Getting the Determinant of a Matrix in PyRTL

11 Jun 2021

In my recent kick to understand matrices a little better, I decided to implement a function to get the determinant of an n by n matrix.

Here's the outline of what we'll be covering:

Pure Python

Like usual, I started by making a pure Python implementation:
 1
 2
 3
 4
 5
 6
 7
 8
 9
10
11
12
13
14
15
16
17
18
19
20
21
22
23
24
25
26
27
28
29
30
31
32
33
34
def determinant(matrix):
    ''' Get the determinant of the matrix.

    :param list[list[int]] matrix: Matrix to operate on.
    :return: An integer determinant.

    Note: This only works for square matrices.
    '''
    from functools import reduce
    from itertools import permutations

    if len(matrix) != len(matrix[0]):
        raise Exception("Must be square")

    def perms(n):
        return list(permutations(range(n)))

    def sgn(l):
        count = 0
        for i in range(len(l)):
            for j in range(i + 1, len(l)):
                if l[i] > l[j]:
                    count += 1
        return 1 if (count % 2) == 0 else -1

    res = 0
    n = len(matrix)
    for perm in perms(n):
        s = sgn(perm)
        p = reduce(lambda a1, a2: a1 * a2,
                   [matrix[i][perm[i]] for i in range(n)])
        res += s * p

    return res

The above approach uses the Liebniz formula, which has a complexity of O(n!) (not great…​). But as long as we’re testing with relatively modest-sized matrices, we’ll be okay.

Let’s test it out:
>>> determinant([[6, 1, 1], [4, -2, 5], [2, 8, 7]])
-306

(That is correct, by the way).

PyRTL Version

So let’s make it in PyRTL!
 1
 2
 3
 4
 5
 6
 7
 8
 9
10
11
12
13
14
15
16
17
18
19
20
21
22
23
24
25
26
27
28
29
30
31
32
33
34
35
36
from functools import reduce
from itertools import permutations
import pyrtl

def det(matrix):
    ''' Get the determinant of the matrix.

    :param Matrix matrix: Matrix to operate on.
    :return: A WireVector containing the determinant.

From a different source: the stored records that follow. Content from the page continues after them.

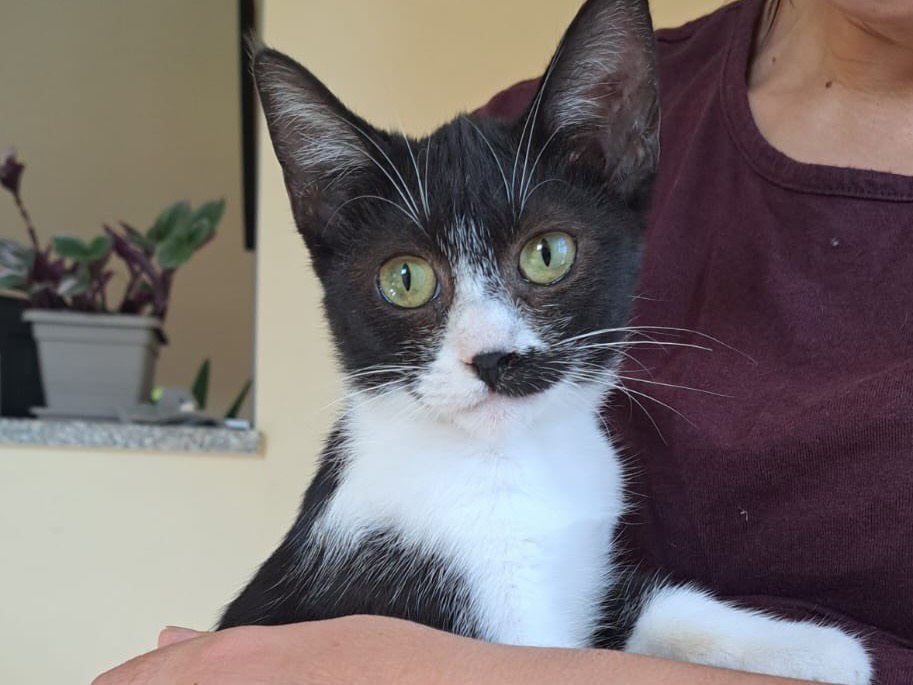 Adotta un gatto, femmina, 4 mesi, Vibo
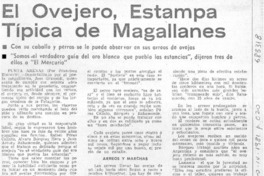 El ovejero, estampa típica de Magallanes El ovejero, estampa típica de Magallanes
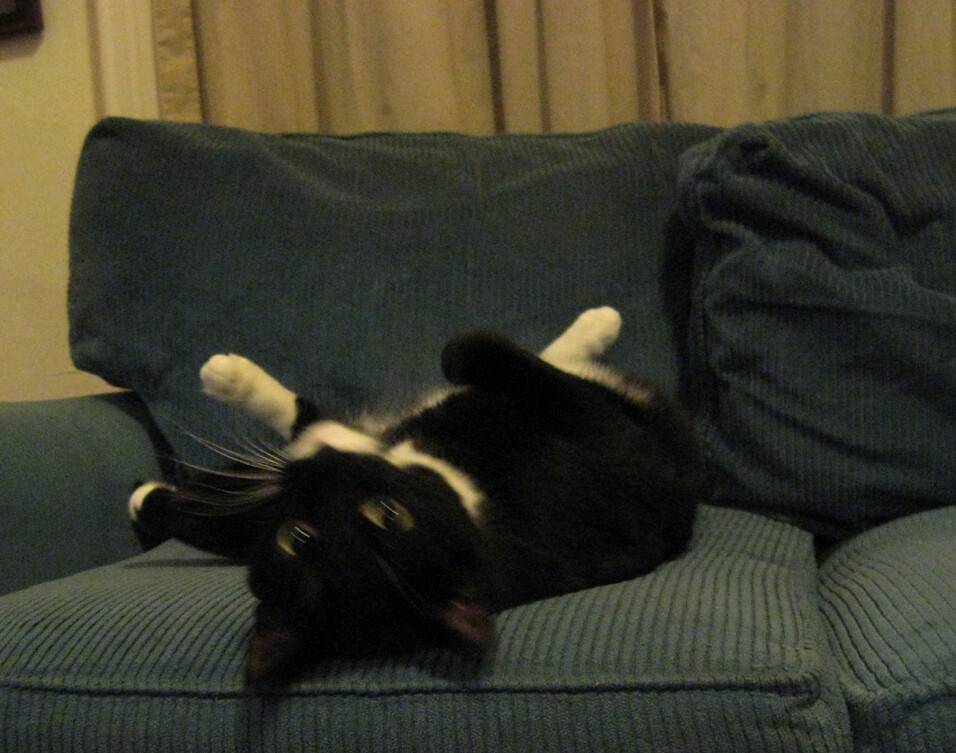 cat like couch
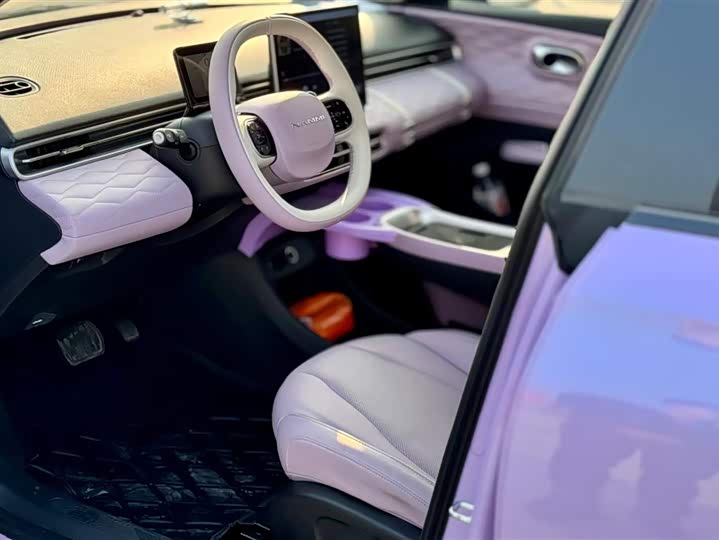 Фото 9 - Dongfeng Nammi 01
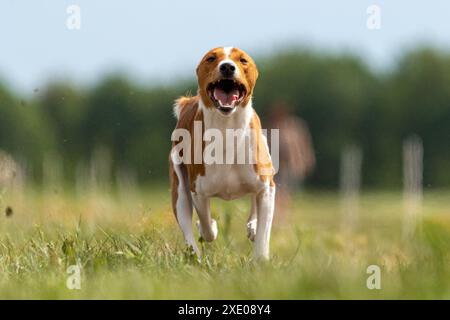 Basenji-Welpe, das erste Mal auf dem Spielfeld Stockfoto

    Note: This only works for square matrices.
    '''

    if matrix.rows != matrix.columns:
        raise pyrtl.PyrtlError('Matrix must be square.')

    def perms(n):
        return list(permutations(range(n)))

    def sgn(ls):
        count = 0
        for i in range(len(ls)):
            for j in range(i + 1, len(ls)):
                if ls[i] > ls[j]:
                    count += 1
        return 1 if (count % 2) == 0 else -1

    res = 0
    n = matrix.rows
    for perm in perms(n):
        s = sgn(perm)
        p = reduce(lambda a1, a2: pyrtl.signed_mult(a1, a2),
                   [matrix[i, perm[i]] for i in range(n)])
        res = pyrtl.signed_add(res, pyrtl.signed_mult(s, p))

    return res

As you can probably tell, very little needed to change. The main changes are in lines 32 and 33. Essentially, we’ve replaced the primitive addition and multiplication calls with PyRTL’s signed_add and signed_mult. In particular, note that the return value from sgn is an integer (possibly negative). By passing it to pyrtl.signed_mult on line 32, PyRTL automatically converts the integer into a PyRTL Const with signed=True — very convenient!

Now let’s test this:

>>> import pyrtl.rtllib.matrix as Matrix
>>>
>>> m = Matrix.Matrix(3, 3, bits=5, signed=True, value=[[6, 1, 1], [4, -2, 5], [2, 8, 7]])
>>> result = Matrix.det(m)
>>> pyrtl.probe(result, 'result')
>>>
>>> sim = pyrtl.Simulation()
>>> sim.step({})
>>>
>>> expected = pyrtl.formatted_str_to_val('-306', 's' + str(result.bitwidth))
>>> assert(sim.inspect('result') == expected)

Since the value returned from inspecting a wire in simulation is not interpreted as signed, we first called formatted_str_to_val to convert our -306 expected value into the two’s complement equivalent for comparison (we could also have converted the inspected value instead). And it works!

LU Decomposition

Like I mentioned previously, the method used was Leibniz’s formula, which isn’t terribly efficient. It would be better to use LU decomposition to compute the determinant, but we’ll leave that for another day.